Items from a data source:
-=-=-
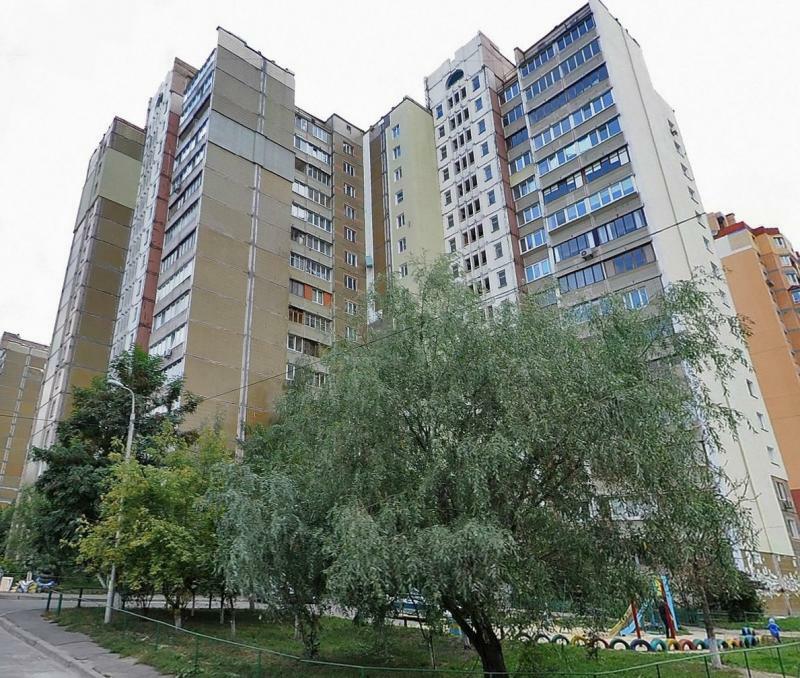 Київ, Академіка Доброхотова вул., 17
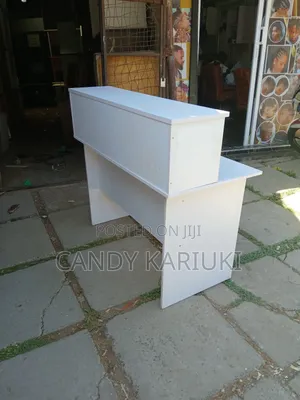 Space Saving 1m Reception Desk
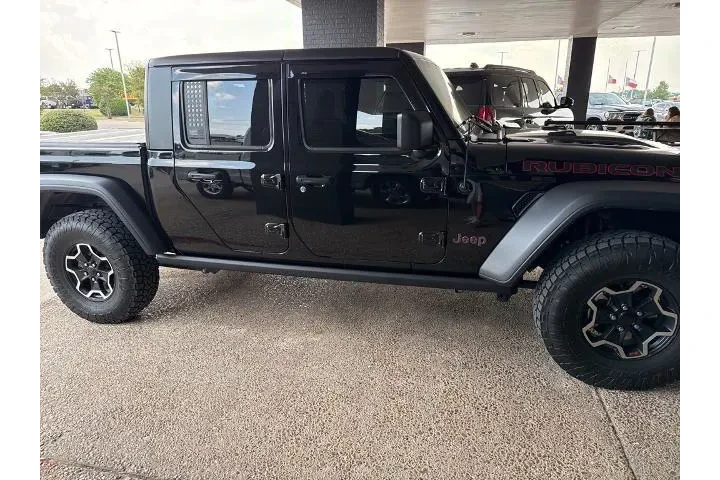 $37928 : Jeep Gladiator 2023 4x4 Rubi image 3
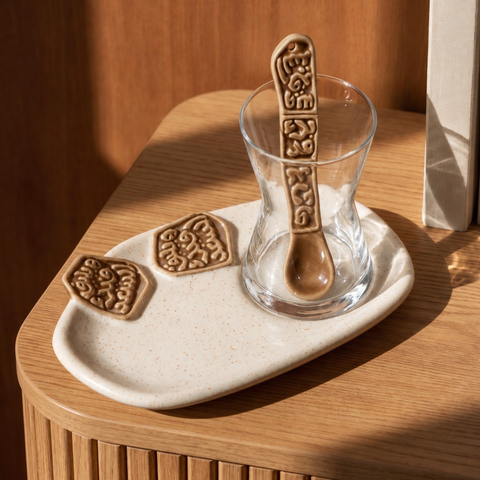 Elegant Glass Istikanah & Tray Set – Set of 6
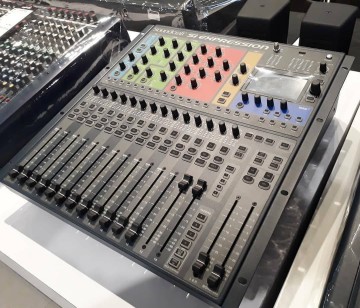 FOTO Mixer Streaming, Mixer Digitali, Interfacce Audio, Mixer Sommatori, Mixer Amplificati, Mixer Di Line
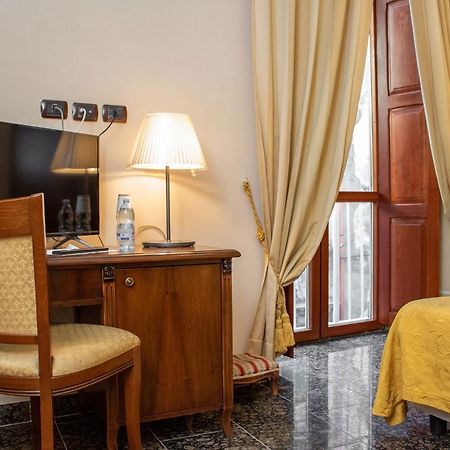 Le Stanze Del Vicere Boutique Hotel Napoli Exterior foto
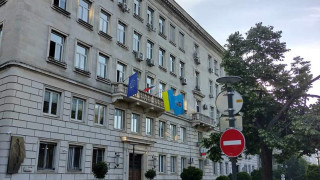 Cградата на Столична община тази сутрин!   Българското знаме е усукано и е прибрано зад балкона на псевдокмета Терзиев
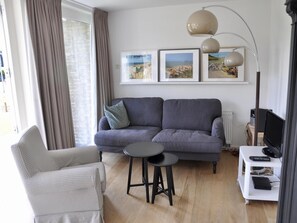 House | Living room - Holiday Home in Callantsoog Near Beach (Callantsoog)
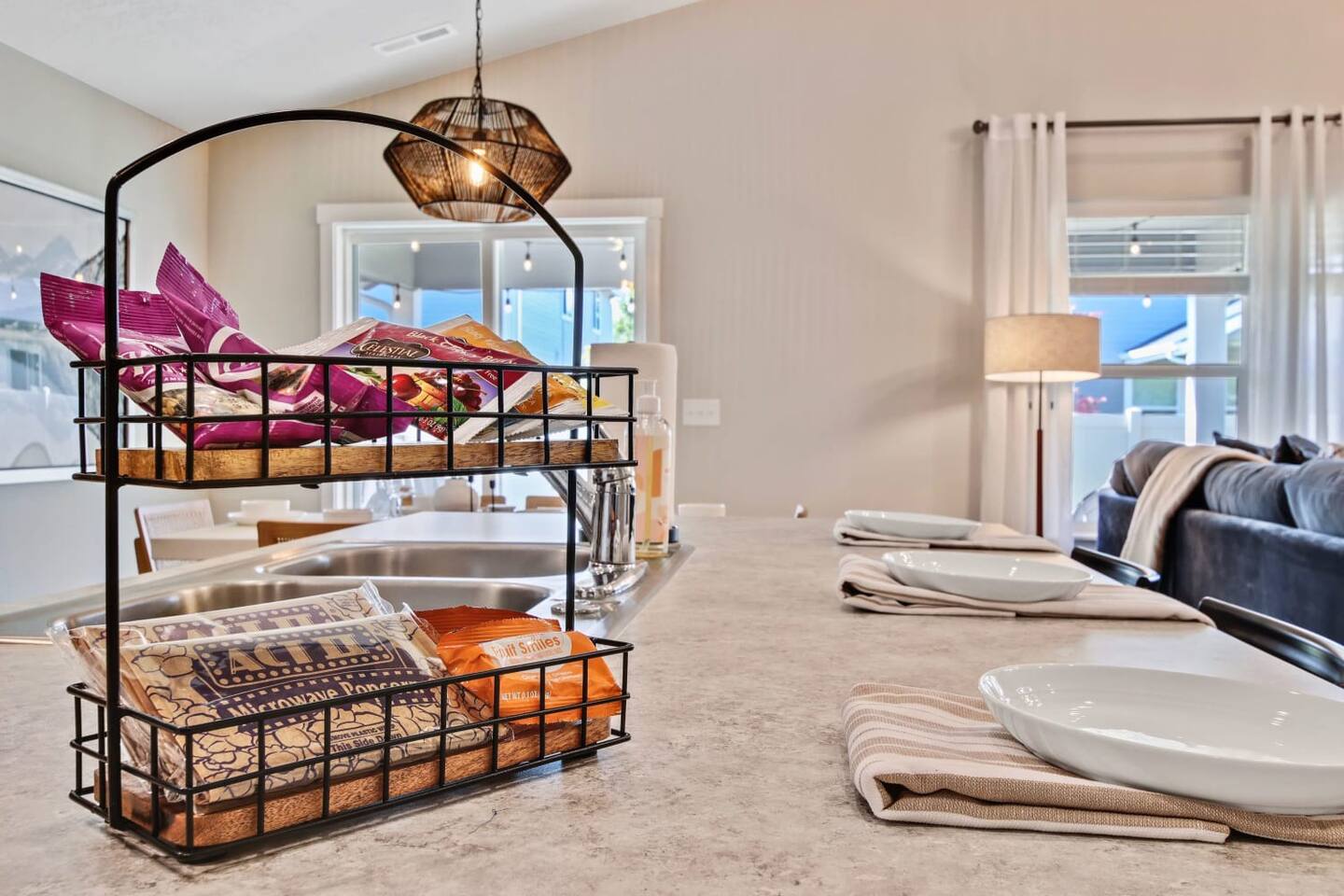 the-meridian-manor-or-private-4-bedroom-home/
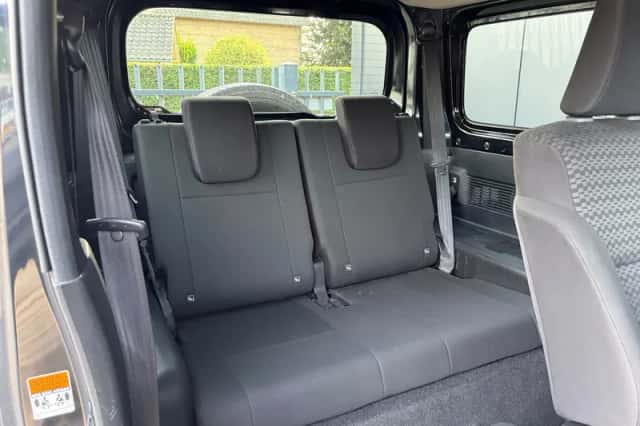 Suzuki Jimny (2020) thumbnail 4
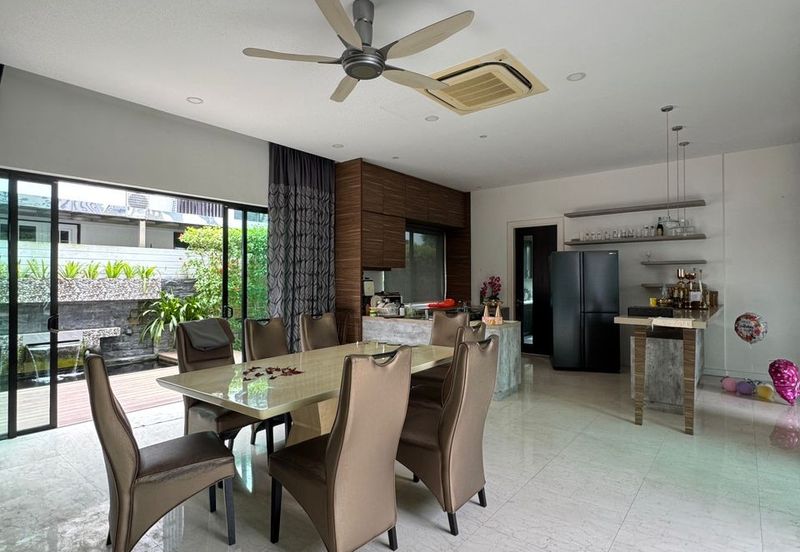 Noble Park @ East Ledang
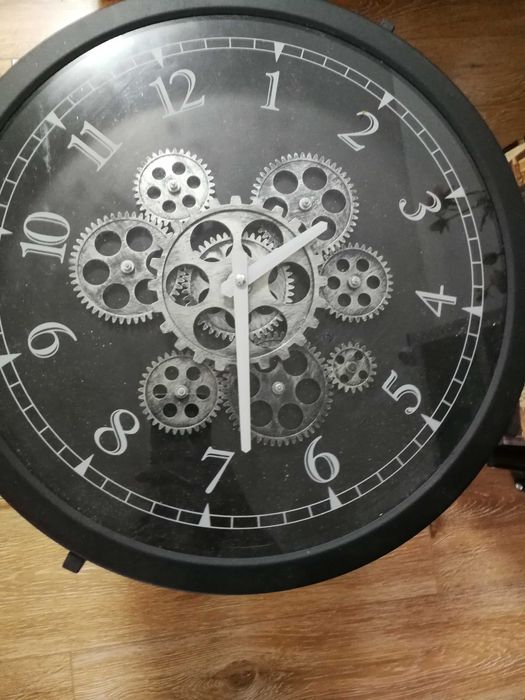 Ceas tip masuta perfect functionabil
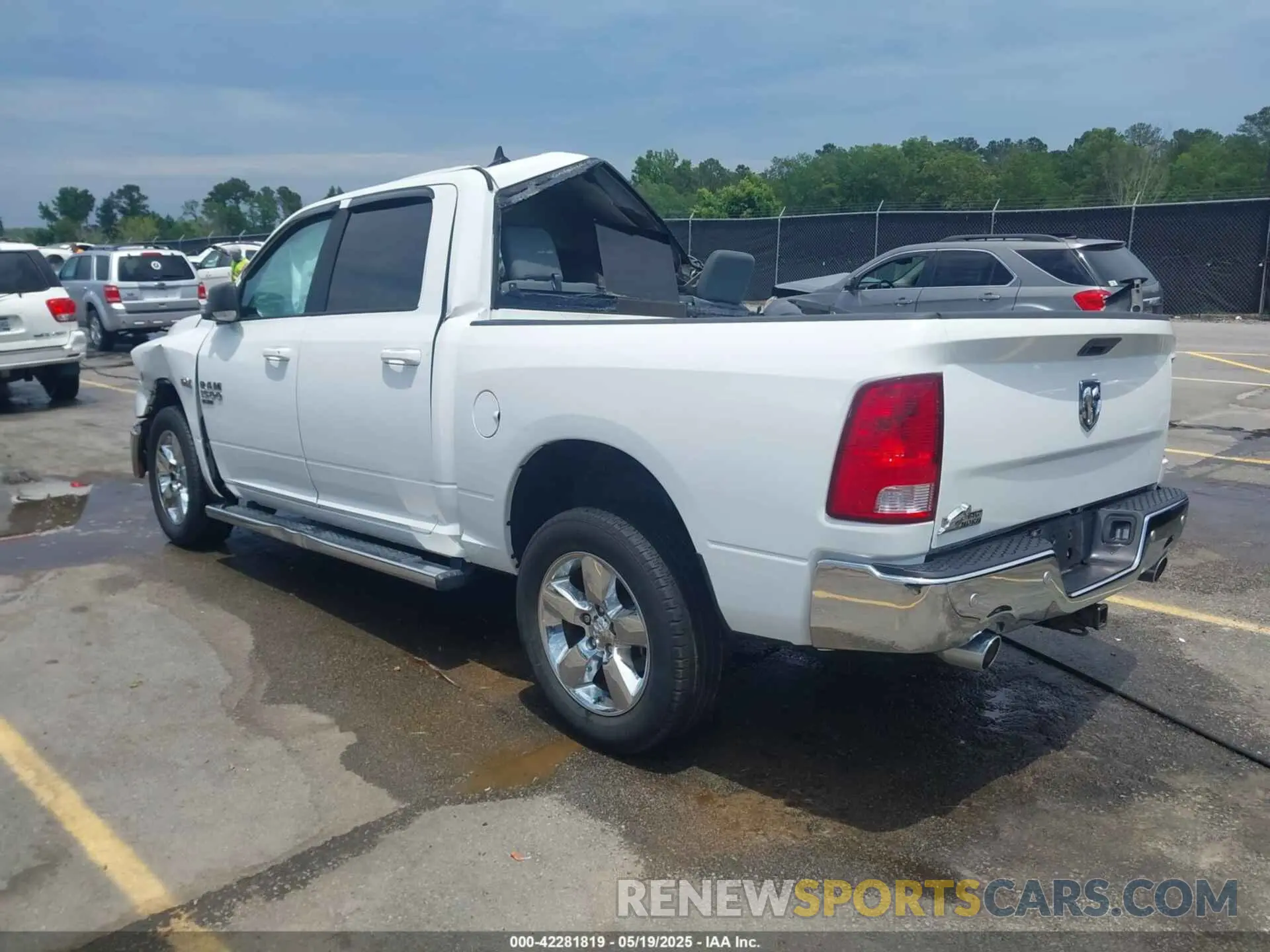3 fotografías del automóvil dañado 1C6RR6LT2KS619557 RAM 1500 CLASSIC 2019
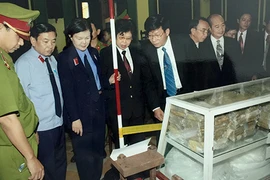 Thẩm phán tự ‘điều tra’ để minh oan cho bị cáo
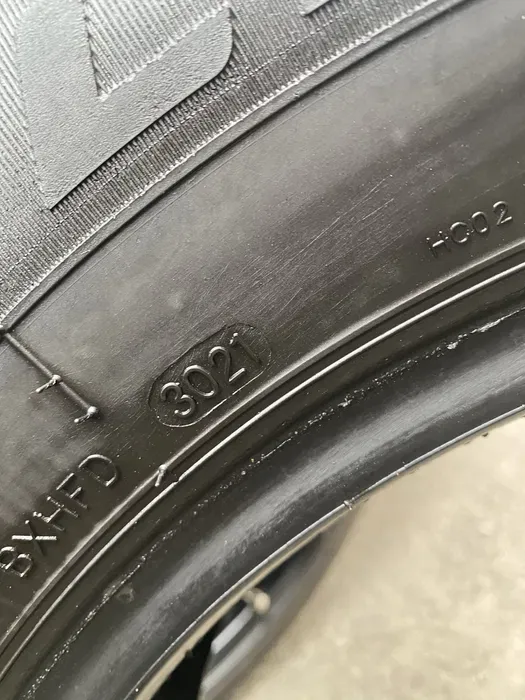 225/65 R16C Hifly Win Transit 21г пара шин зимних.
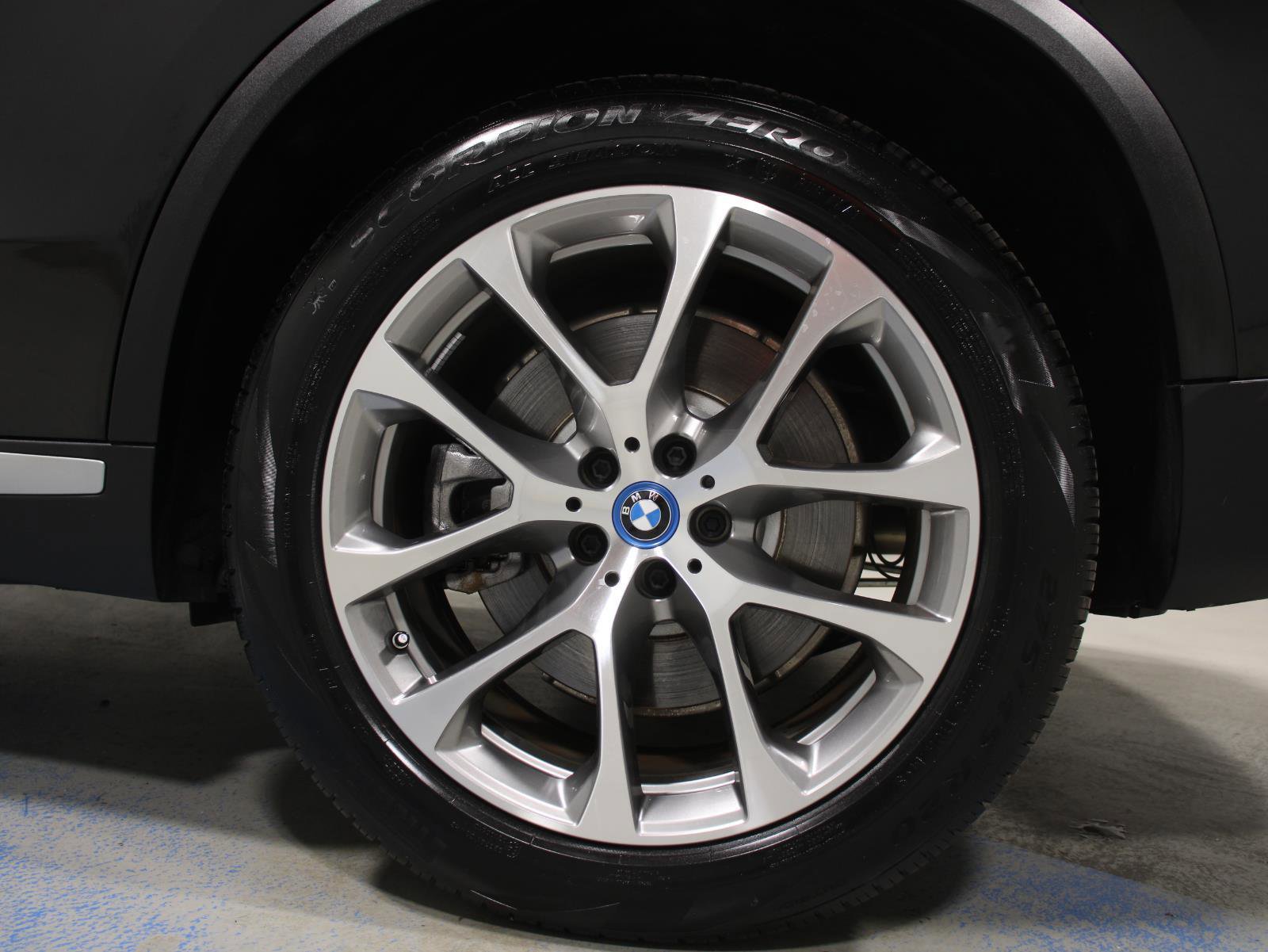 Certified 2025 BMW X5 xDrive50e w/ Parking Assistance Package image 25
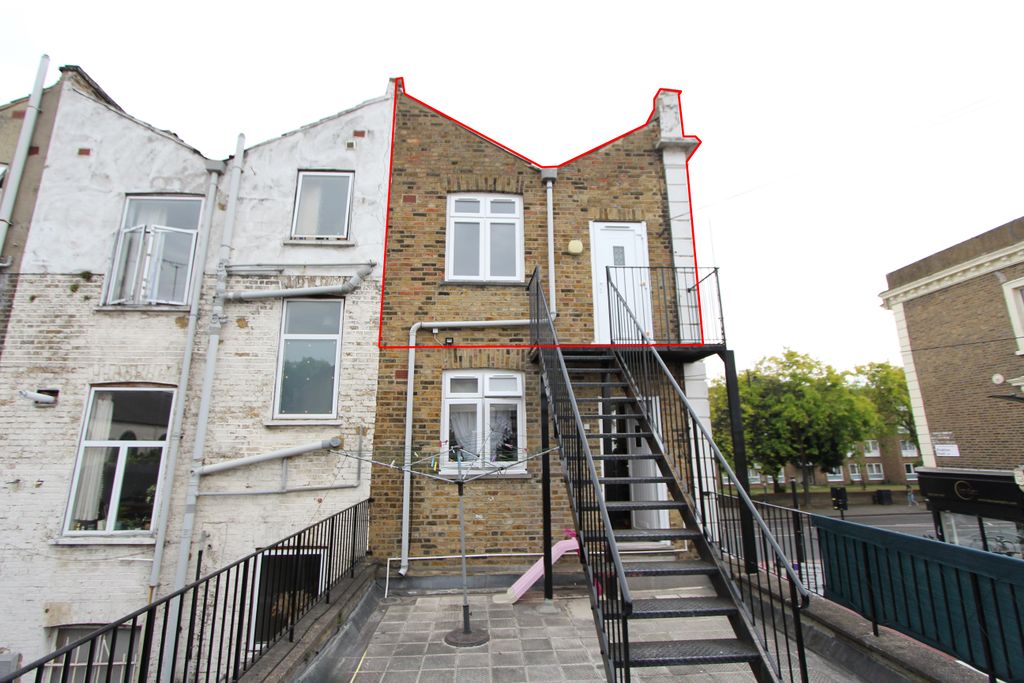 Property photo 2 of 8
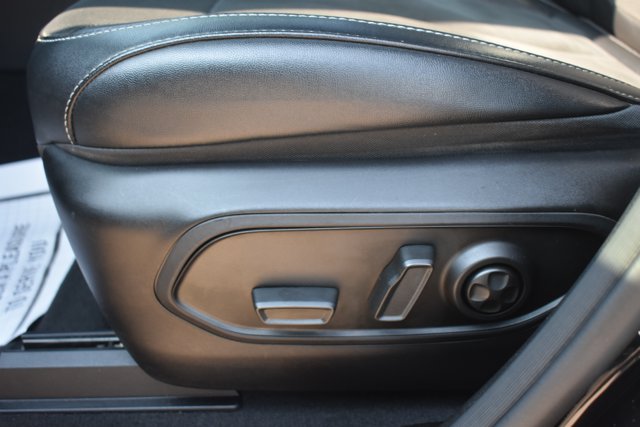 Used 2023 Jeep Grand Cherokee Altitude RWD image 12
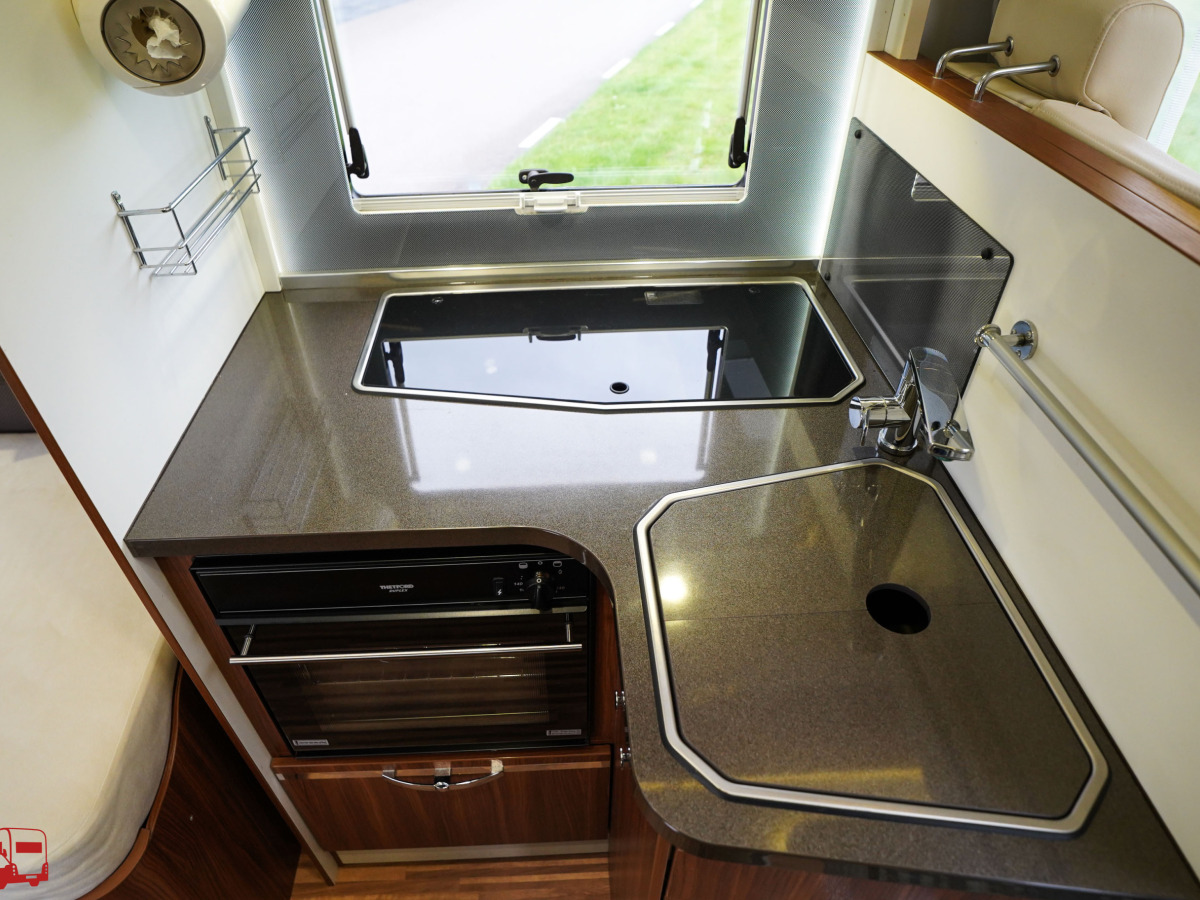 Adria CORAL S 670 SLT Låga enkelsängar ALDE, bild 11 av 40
-=-=-
_What the task asks_
Each line from the one that holds "Noble Park @ East Ledang" through the end of the entries must be returned exactly, while any pictures stay out.

_Result_
 Noble Park @ East Ledang
 Ceas tip masuta perfect functionabil
3 fotografías del automóvil dañado 1C6RR6LT2KS619557 RAM 1500 CLASSIC 2019
 Thẩm phán tự ‘điều tra’ để minh oan cho bị cáo
 225/65 R16C Hifly Win Transit 21г пара шин зимних.
 Certified 2025 BMW X5 xDrive50e w/ Parking Assistance Package image 25
 Property photo 2 of 8
 Used 2023 Jeep Grand Cherokee Altitude RWD image 12
 Adria CORAL S 670 SLT Låga enkelsängar ALDE, bild 11 av 40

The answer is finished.